Data shown –
================================

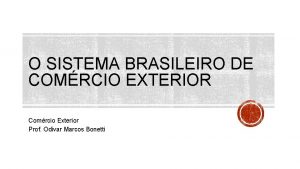 O SISTEMA BRASILEIRO DE COMRCIO EXTERIOR Comrcio Exterior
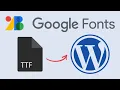 How to Add Google Fonts to a WordPress Website
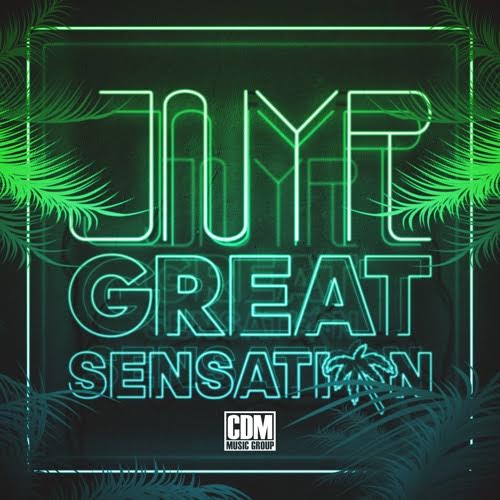 New Music: JNYR – Great Sensation | @fromJNYR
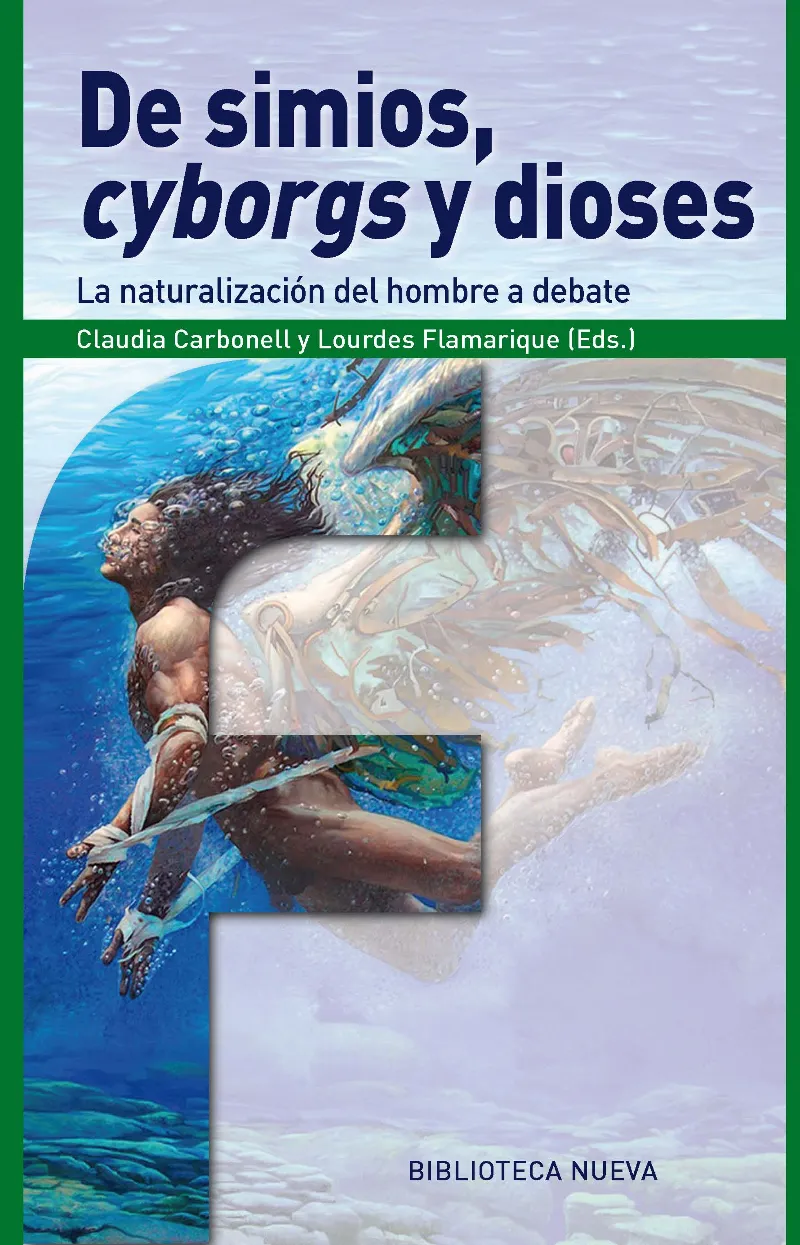 DE SIMIOS CYBORGS Y DIOSES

================================

Instructions to follow – Everything from the line with "How to Add Google" through the last line of the listing above is to be copied exactly, both ends included, except the pictures.

Expected answer –
 How to Add Google Fonts to a WordPress Website
 New Music: JNYR – Great Sensation | @fromJNYR
 DE SIMIOS CYBORGS Y DIOSES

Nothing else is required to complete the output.